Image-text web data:
+---+

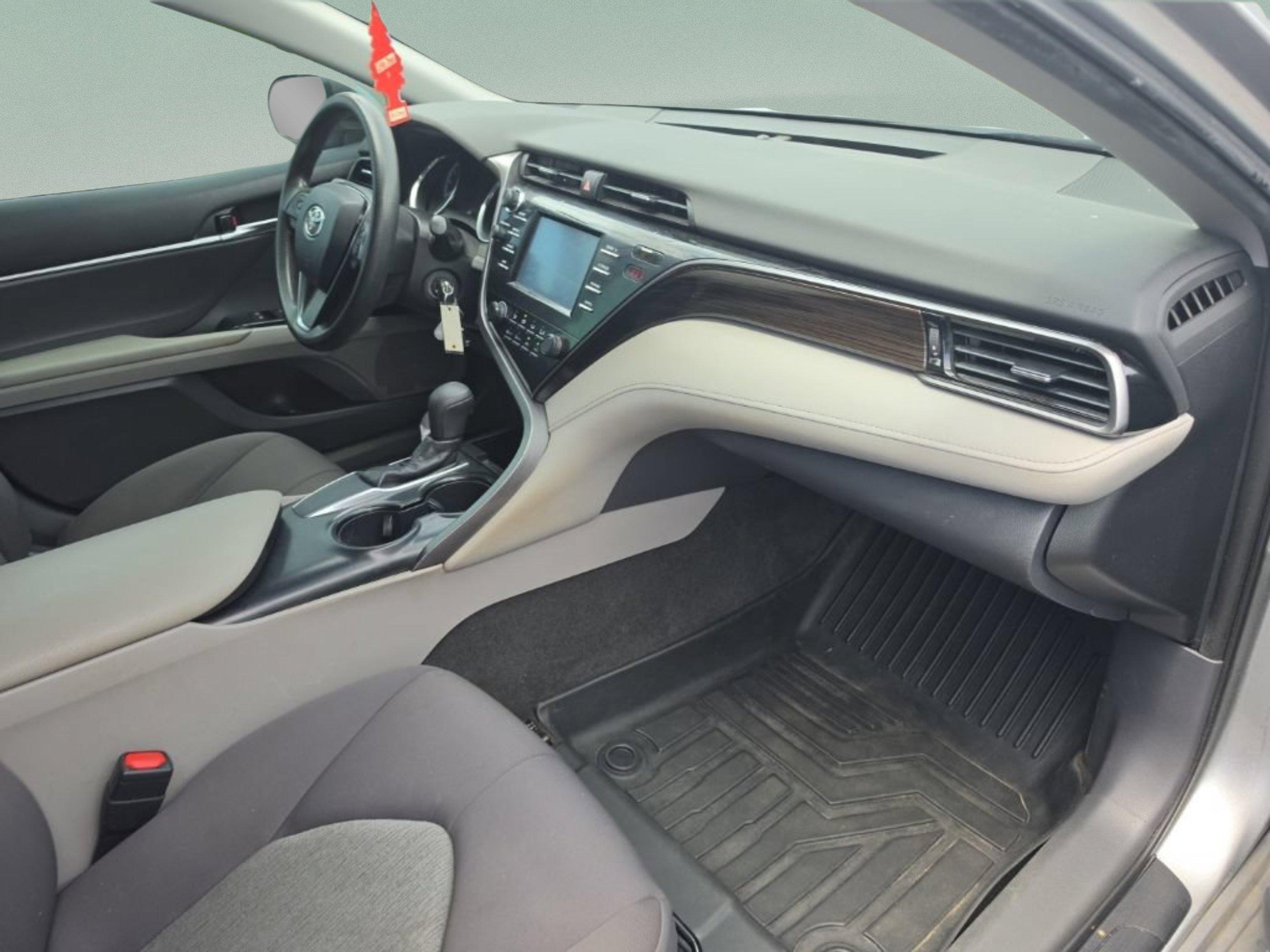Used 2019 Silver Toyota LE image 21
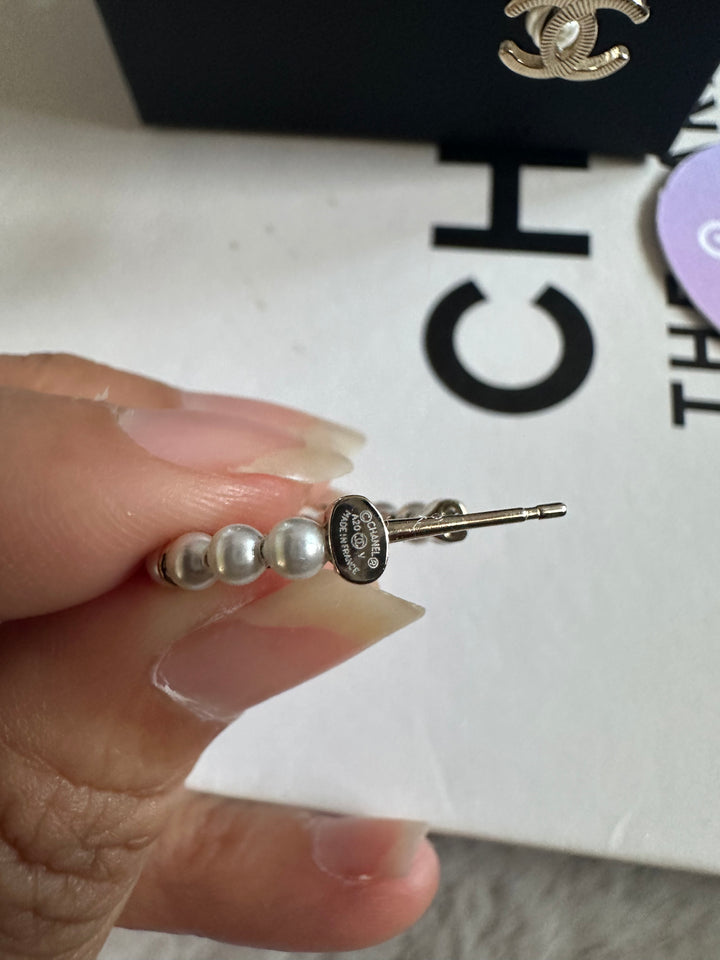 Chanel 20A Pearl LGHW Earrings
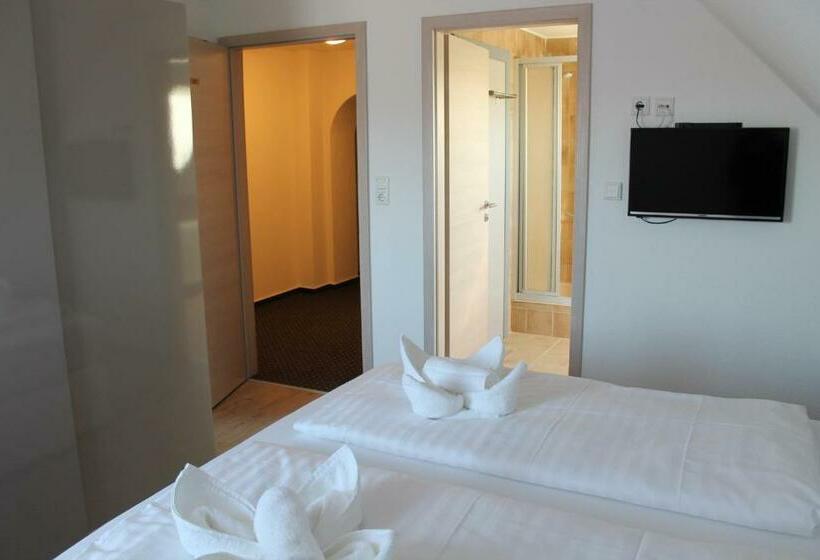 ペンション Gästehaus Hubertushof   24h Check In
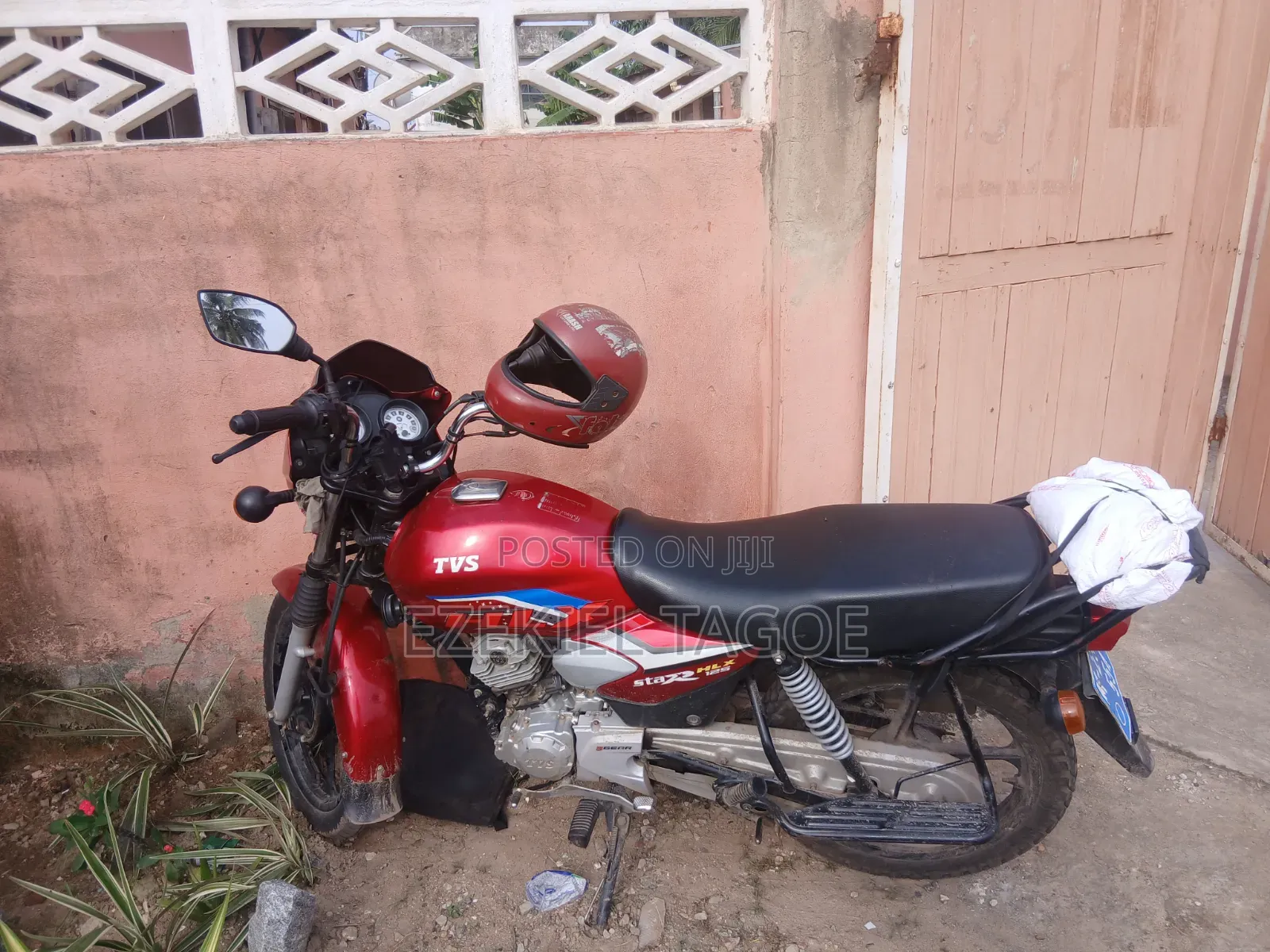 TVS HLX 125 2025 Red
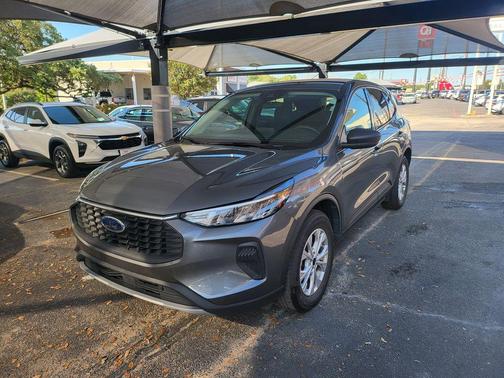 Space Silver Metallic 2025 Ford Escape Active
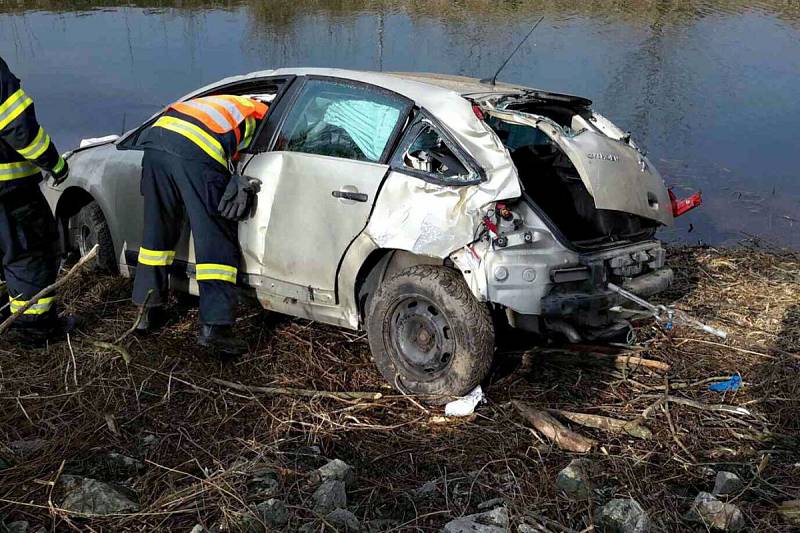 Řidič osobního automobilu Citroen podle předběžného šetření policistů nezvládl vytočit zatáčku, narazil do stromu a se svým autem i dvěma spolujezdkyněmi skončil v řece.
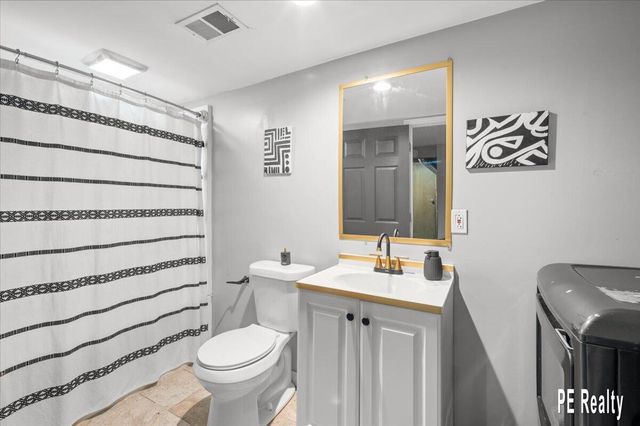 307 43rd Street Sw, City Of Wyoming, MI 49548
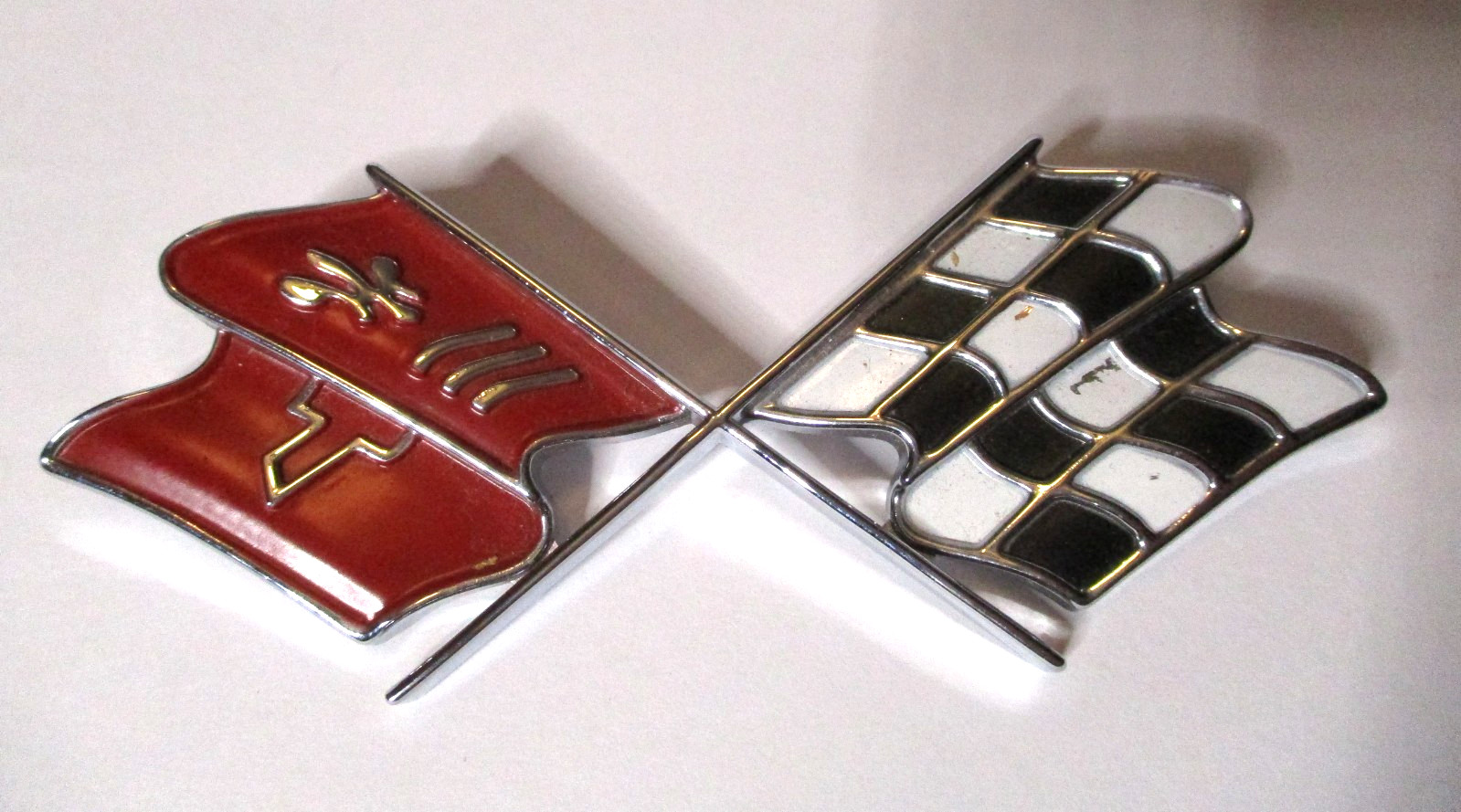 VINTAGE CROSSED FLAGS FUEL GAS DOOR EMBLEM 1968-73 CHEVROLET CORVETTE 3954546 VINTAGE CROSSED FLAGS FUEL GAS DOOR EMBLEM 1968-73 CHEVROLET CORVETTE 3954546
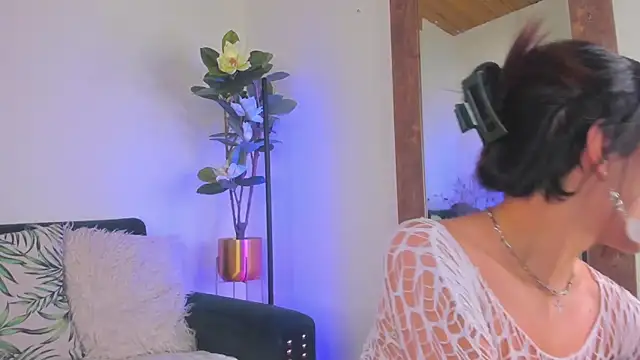 megan shyne online show from June 24, 6:23 am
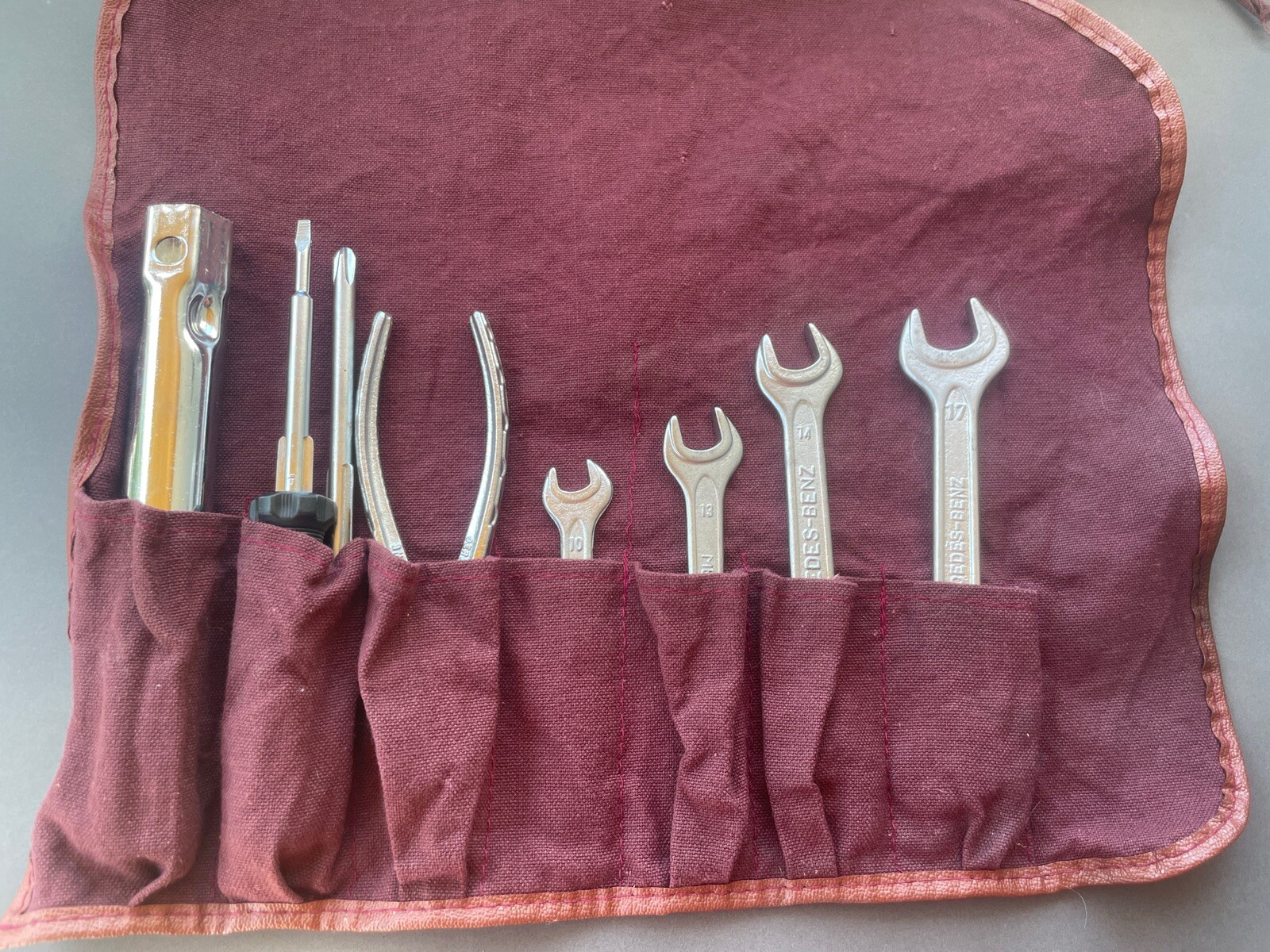 MERCEDES BENZ FACTORY TOOL KIT ALL FACTORY ORIGINAL MERCEDES BENZ TOOL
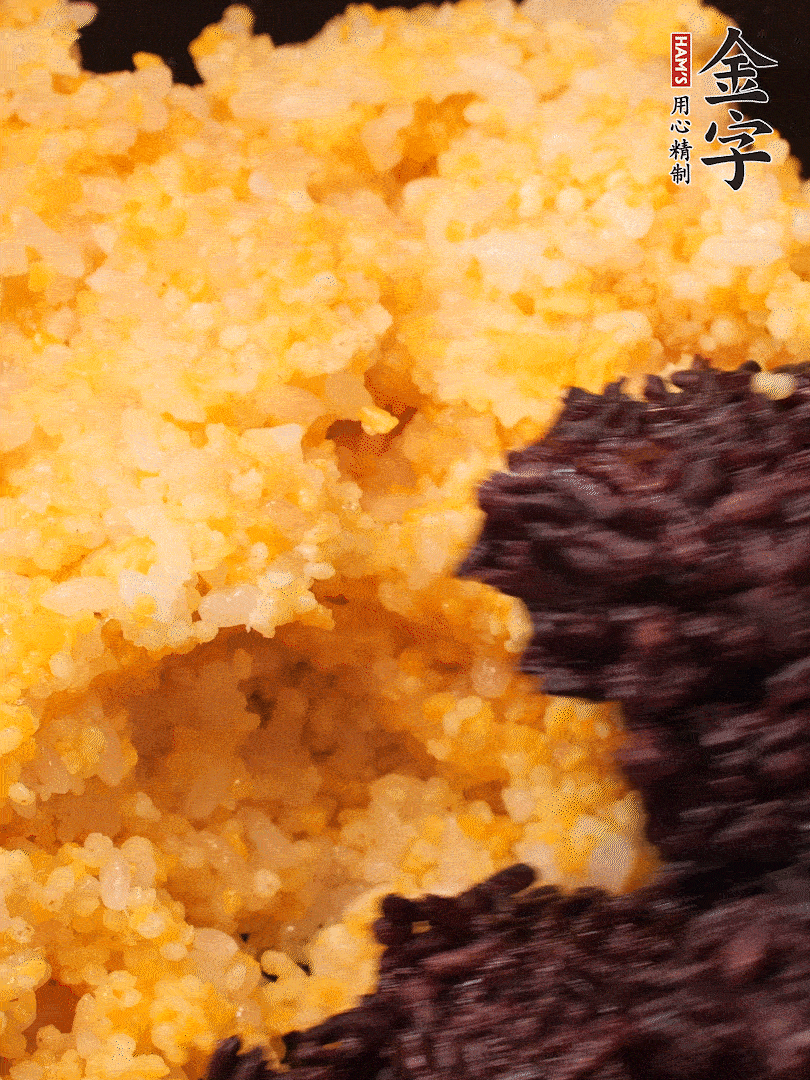 混合小米、紫米煮熟，加豬油攪拌均勻（紫米分開(kāi)煮在攪拌）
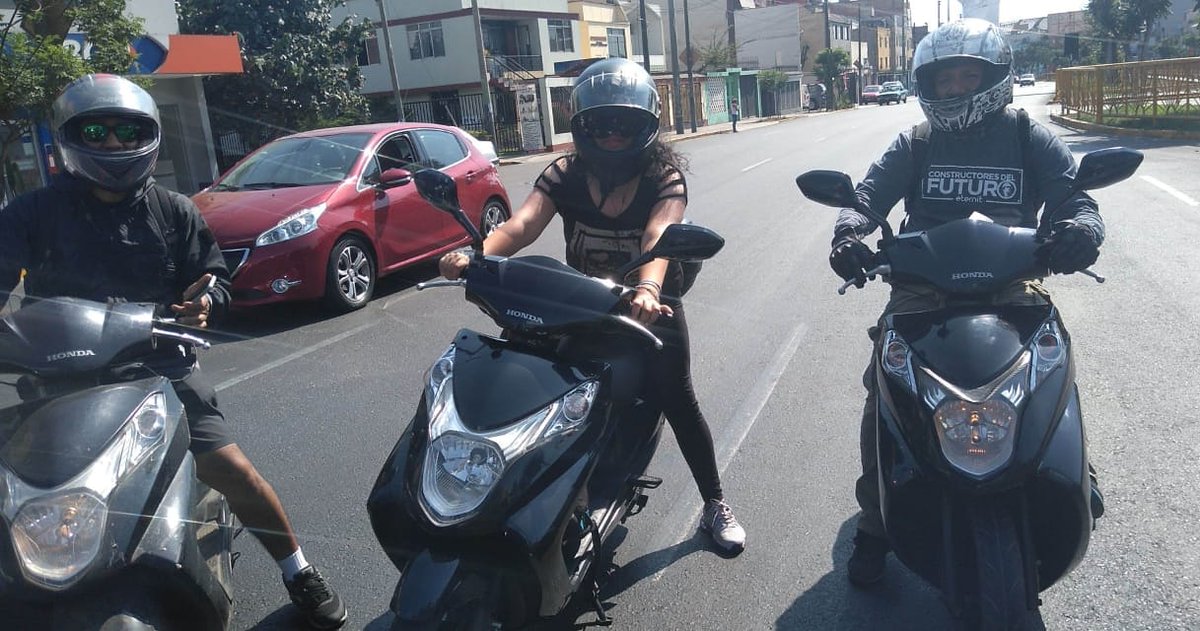 jossyrock's tweet photo. #paseo 😎😎👍 #moto 😎😎🛵🛵🛵🛵 #relaxenruta 😇😎😎🖤🛵🛵🛵 https://t.co/9pNN7HaWzv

+---+

TASK TO CARRY OUT
Write the lines from the one containing "megan shyne online" through the end of the data above exactly as they appear, and do not carry over any picture.

WRITTEN SOLUTION
 megan shyne online show from June 24, 6:23 am
 MERCEDES BENZ FACTORY TOOL KIT ALL FACTORY ORIGINAL MERCEDES BENZ TOOL
 混合小米、紫米煮熟，加豬油攪拌均勻（紫米分開(kāi)煮在攪拌）
 jossyrock's tweet photo. #paseo 😎😎👍 #moto 😎😎🛵🛵🛵🛵 #relaxenruta 😇😎😎🖤🛵🛵🛵 https://t.co/9pNN7HaWzv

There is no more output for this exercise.